Kenneth Goldman - JP Morgan Chase & Co, Research Division

Okay, that is helpful. And if I could just ask a quick follow-up. As you made the decision to shift manufacturers on fruit snacks, I think that's what you said?

John M. Foraker

Yes.

Kenneth Goldman - JP Morgan Chase & Co, Research Division

Are there more -- I don't know how to ask this without you sort of giving a tell to your current manufacturers, but are there more opportunities potentially along the line to get meaningful supply chain improvements as we think about that beyond just fruit snacks?

John M. Foraker

Yes, for sure. We have a big pipeline of Fat Rabbits this year. The fruit snacks project is a very significant part of that, but we've got a lot of other things in that pipeline as well, and they range from the impact of bringing Brick Graham production into our own manufacturing facility, logistics improvements and the like. The nature of our business is to innovate into new categories, to go into new manufacturing arrangements. And as those businesses build and grow, we see a new host of Fat Rabbit opportunities for future efficiency being created. A comment on the fruit snack project, that's a project that we've been working on for over 3 years. And it's a very significant project, very complicated, required a ton of consumer research and a lot of planning. We feel really good about where it's at right now, and we think that provides a really great foundation for that business, which is performing exceptionally well for us to really drive the growth of that business with an improved profitability footprint over the next 3 to 5 years. But I do expect, as we continue to grow, that there will be projects like that, perhaps not as big as that every year, but in general, we expect to get ongoing productivity improvement as we grow this business from the level we are now to multiples of that.

Operator

Our next question will come from Bill Chappell with SunTrust.

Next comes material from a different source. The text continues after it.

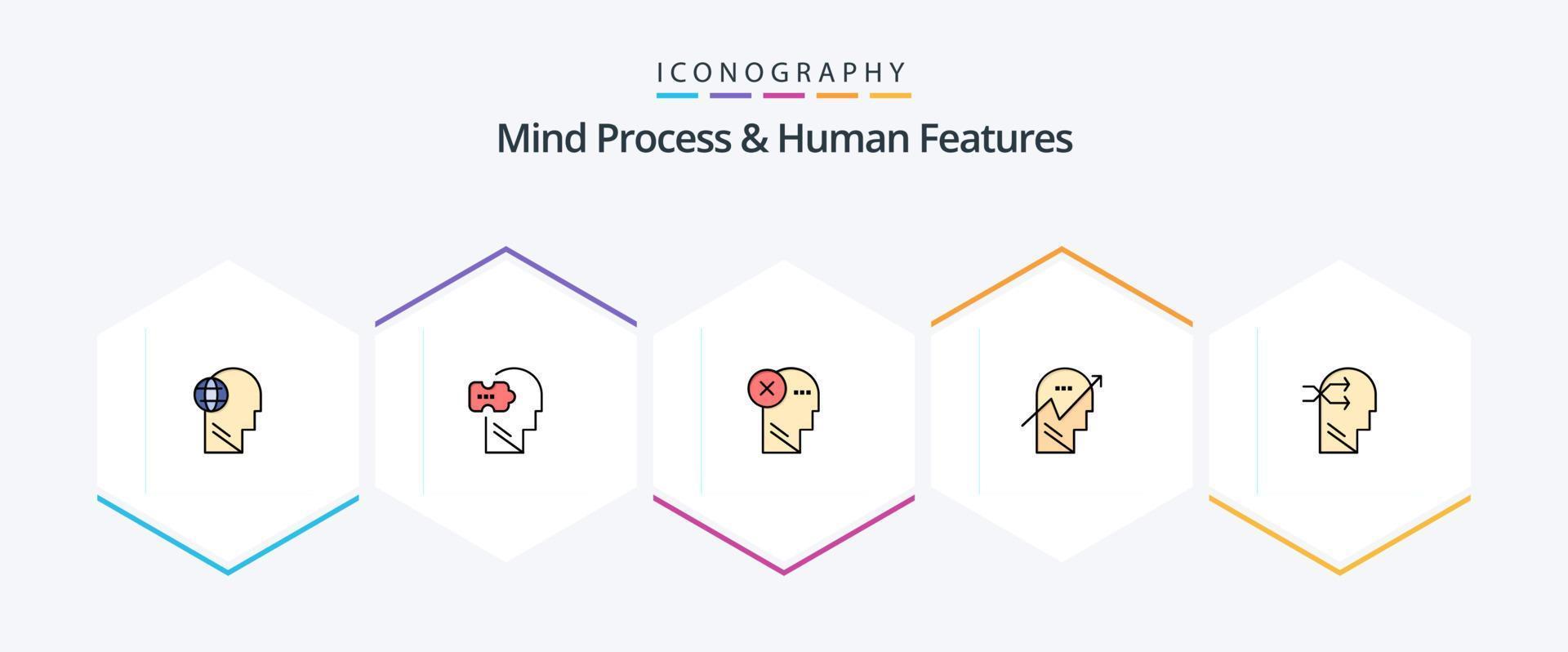 Mind Process And Human Features 25 FilledLine icon pack including chart. thinking. solving. mind. human vector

William B. Chappell - SunTrust Robinson Humphrey, Inc., Research Division

Just, sorry, for housekeeping, but just want to make sure I understood. For your full year EPS guidance, that still includes these charges that you had in the fourth quarter or are you using the breakeven EPS number as a base?

John M. Foraker

Bill, you're correct. That would include the, I assume a $0.06 loss for the first quarter, including those items.

William B. Chappell - SunTrust Robinson Humphrey, Inc., Research Division

So if I'm looking at it right, I mean, these were just found in the past few months. So in effect, you're reaffirming guidance, but you found, I guess, a $0.06 headwind that you didn't have 3 months ago?

John M. Foraker

That's correct, but we did come in a little bit better than we had expected on an underlying basis.

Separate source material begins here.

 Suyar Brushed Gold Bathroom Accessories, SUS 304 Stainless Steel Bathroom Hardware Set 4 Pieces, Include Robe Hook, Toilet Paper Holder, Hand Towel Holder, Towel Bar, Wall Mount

William B. Chappell - SunTrust Robinson Humphrey, Inc., Research Division

Yes, that's the point, but I just want to make sure I was looking at it the right way. And then second, can you just maybe give us on -- if I'm looking at the hit, and I'm sorry if you've said this, from UNFI, was it equal across meals, snacks and dressings, condiments, other or was it weighted towards any one category? And will that kind of continue?

John M. Foraker

It was more focused in the meals and dressings business, and kind of for 2 different reasons. On the dressings side, UNFI is by far our biggest customer of those products. We tend to have our dressing business in natural/organic as a high share business, and really focus on the natural side of businesses. So it's going to impact that business more. And then on the meal side of our business, we tend to have very high velocity items that when you think of the context of an inventory optimization plan like UNFI's been effectively implementing, those are the easiest kinds of products to bring down volume quickly because you can order them on a very repetitive basis at lower numbers and be a lot more efficient. So it's a little hard to say if it's going to play exactly out like that through the rest of the year, but that's probably a good assumption. I would just point out that we took more than a $4 million hit in the first quarter. We had originally call that a full year impact of that in the range of $6 million to $8 million. So we think over the next 3 quarters, the impact is going to be much more tame.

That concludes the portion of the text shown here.